The main difference to typical software projects is the model you create. That model is perceived as a black box by stakeholders. In the worst case, they think YOU don't know what the model is doing! I recommend reading The Mythos of Model Interpretability to get some nice conceptual ideas about black boxes. To summarize:
- Data Scientists understand their models: We wrote them. There is no way to create a complex piece of software that works without understanding it.
- Black Boxes are common: If we define a black box as something where we don't know 100% instantly and intuitively what happens, then there are a lot of black boxes. Humans, for example. But still you trust your doctor.
- Error types are important: For a human doctor, you know in which way he might do errors. He might be psychologically ill, most likely he will just not pay enough attention and thus diagnose something common where you might have an issue which is uncommon. For machine learning models, it can be the other way around. While overfitting is a problem we are aware of, the model can be fooled to make a very unusual prediction.

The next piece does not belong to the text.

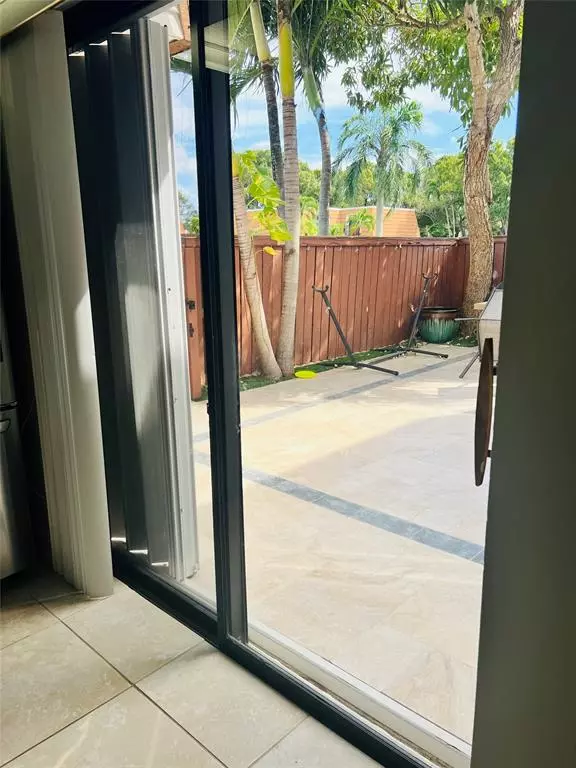 Deerfield Beach, FL 33442,2852 Waterford Dr #2852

So there are two sides of this problem: On the one hand, it is hard to make sure that a model is trustworthy. You have to have the right metric(s), you have to make sure the software works as expected. On the other hand, if you have a trustworthy model, you have to convince your stakeholders that it is trustworthy.
Building Trust
For this part, you have to talk a lot with your stakeholders. They have to get a basic understanding how your model works. It is especially important to emphasize that a model is not a rule-based system. At least not necessarily. Decisions can be made in a non-linear way which makes questions such as "what is the most important feature" problematic.
Model Lab
You can build trust by giving access to your model. If you can give your stakeholders an easy to use interface in which they can enter / manipulate features and see the output of a model, they will either build more trust in your model or you will get some examples where your model fails. Either way, it is a win for the project.
This wireframe is an idea for a web service which allows data scientists to share models with stakeholders in a way that they can "poke" it. They see what the input of the model is, they can manipulate the input and see the output. Please also note that the URL contains the models parameters and thus can be shared.

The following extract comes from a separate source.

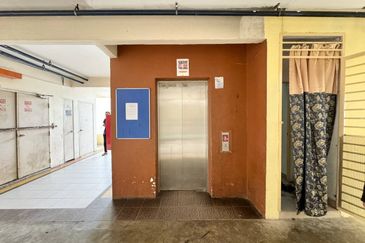 (GATED GUARDED) Camellia Court Apartment, Taman Impian Putra, Kajang 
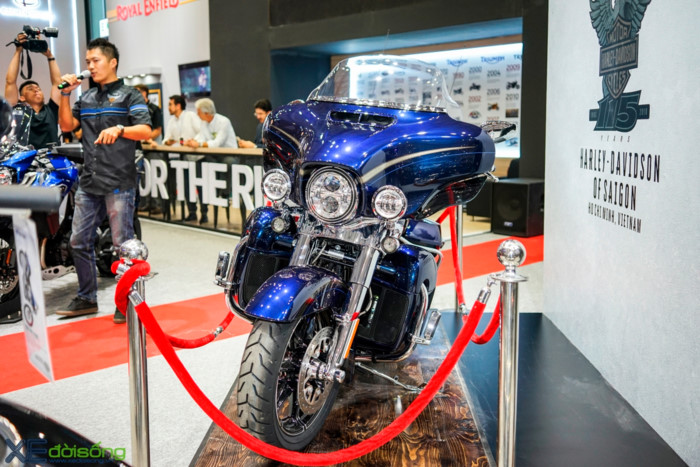can-canh-harley-davidson-cvo-limited-ban-dac-biet-gia-hon-23-ty-dong-tai-viet-nam can-canh-harley-davidson-cvo-limited-ban-dac-biet-gia-hon-23-ty-dong-tai-viet-nam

How can such a web service look from a software perspective?
Each model consists of a package with a model.py
which contains an
infer(input_dict)
function and a description.json
:
{
"name": "Titanic Survival Model",
"parameters": [
{
"name": "Pclass",
"label": "Pclass",
"type": "int",
"comment": "Passenger Class: 1 (First Class) is the most expensive one, 3 is the cheapest"
},
{
"name": "age",
"label": "age",
"type": "float",
"comment": ""
},
{
"name": "SibSp",
"label": "SibSp",
"type": "float",
"comment": "# of siblings / spouses aboard the Titanic"
},
{
"name": "Parch",
"label": "Parch",
"type": "float",
"comment": "# of parents / children aboard the Titanic"
},
{
"name": "Fare",
"label": "Fare",
"type": "float",
"comment": ""
}
],
"output": [
{
"name": "Survival Probability",
"comment": "Survival probability in [0, 1], where 0 means the model is certain that the passenger did not survive and 1 means it is certain that the passenger survived."
}
],
"archetypes": [
{
"name": "The mother",
"parameters": {
"Pclass": 1,
"age": 42,
"SibSp": 12.34,
"Parch": 3.141,
"Fare": 2.141
}
}
],
"info": {
"text": "The model was trained on the values of 123 passangers of the titanic where it is known if the did / did not survive.\n\nThe model is an SVM with C = 1.234."
}
}
Types that should be supported:
int
float
image
binary
(any file upload)ext:FOO
(files with the extension FOO)
Story Telling
Story Telling is the part where you, as a data scientist, make your insights accessible, easy to understand and interpret in the correct way by your stakeholders. It can be about visualizations, but also about choosing the right metrics and reasonable numbers to share. I think I'll make another blog post about this topic as Python has many visualization packages.